:: GIVEN DATA ::
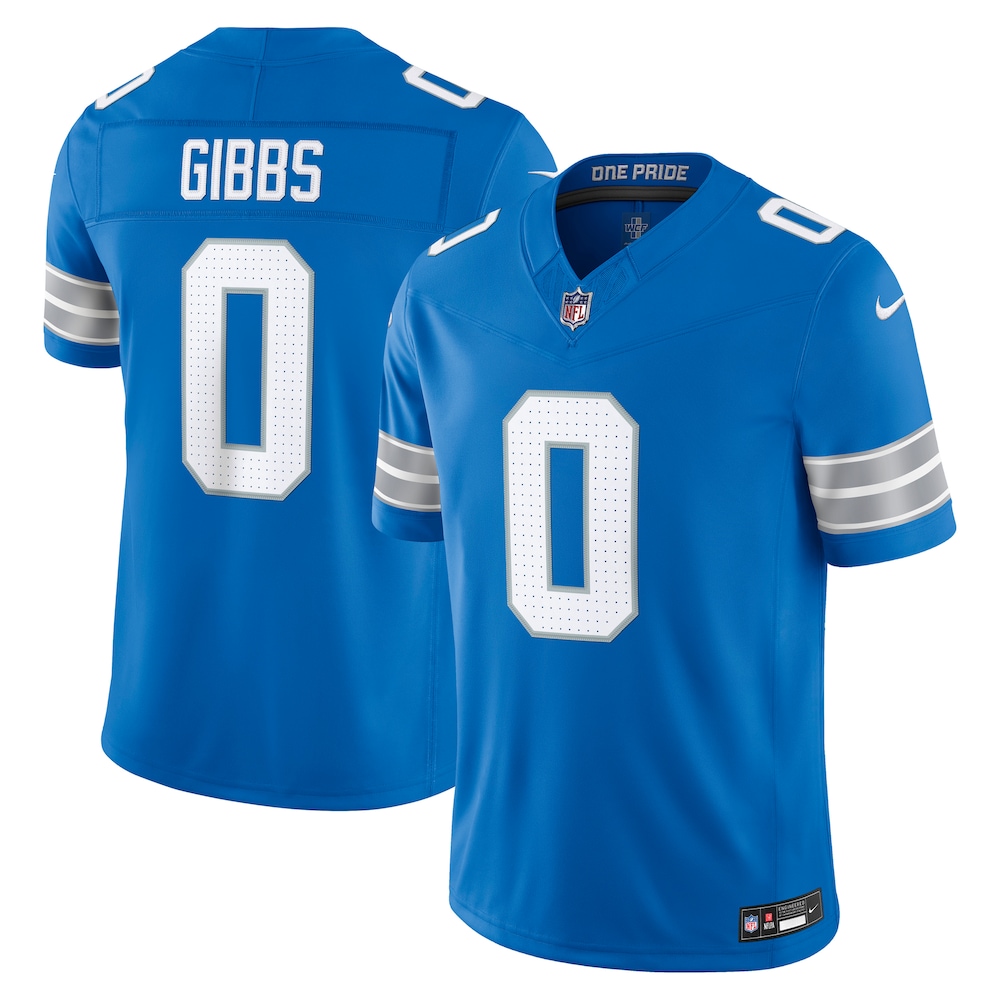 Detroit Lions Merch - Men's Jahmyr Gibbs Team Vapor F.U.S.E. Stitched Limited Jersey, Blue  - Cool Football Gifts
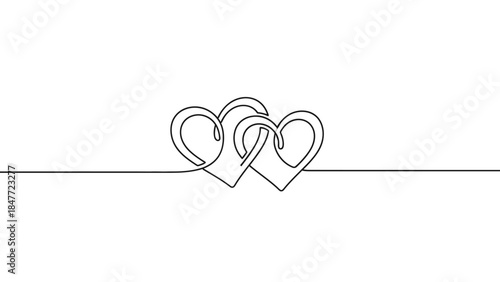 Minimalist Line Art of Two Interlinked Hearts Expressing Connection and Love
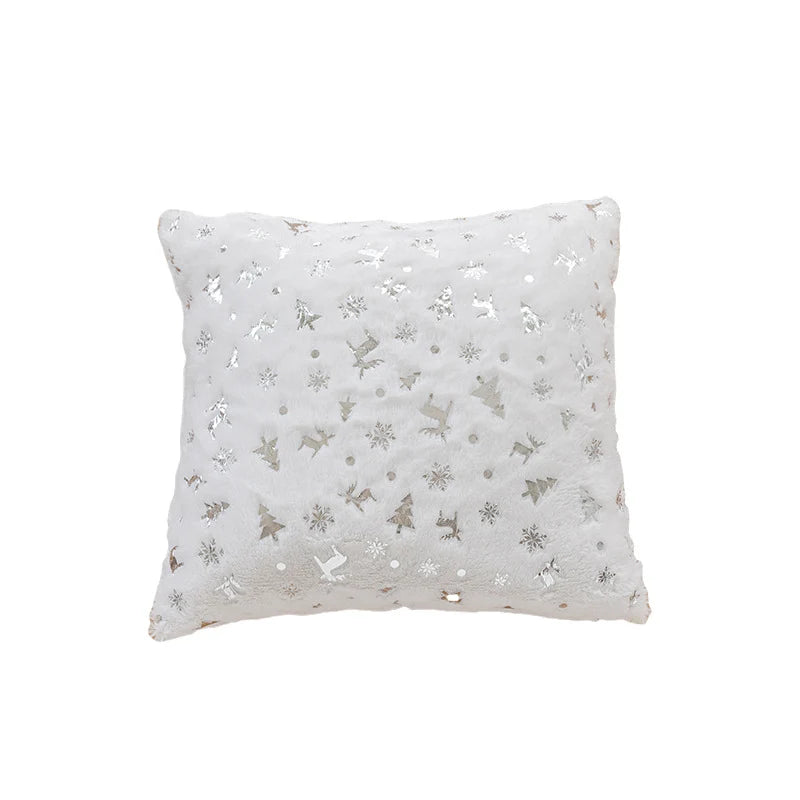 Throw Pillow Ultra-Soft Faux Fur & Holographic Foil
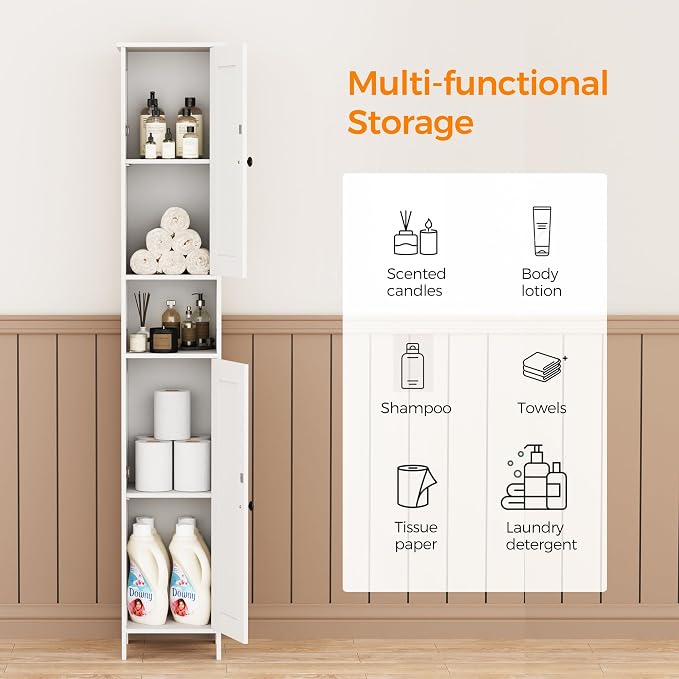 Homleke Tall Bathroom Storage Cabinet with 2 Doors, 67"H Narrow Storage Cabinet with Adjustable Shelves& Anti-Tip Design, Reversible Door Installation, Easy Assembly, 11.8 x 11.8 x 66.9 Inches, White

:: WHAT NEEDS TO BE DONE ::
All that should appear in the answer is the lines above from the line with "Minimalist Line Art" through the line with "Throw Pillow Ultra-Soft", retyped exactly, pictures left out.

:: RESPONSE FOR THIS EXERCISE ::
 Minimalist Line Art of Two Interlinked Hearts Expressing Connection and Love
 Throw Pillow Ultra-Soft Faux Fur & Holographic Foil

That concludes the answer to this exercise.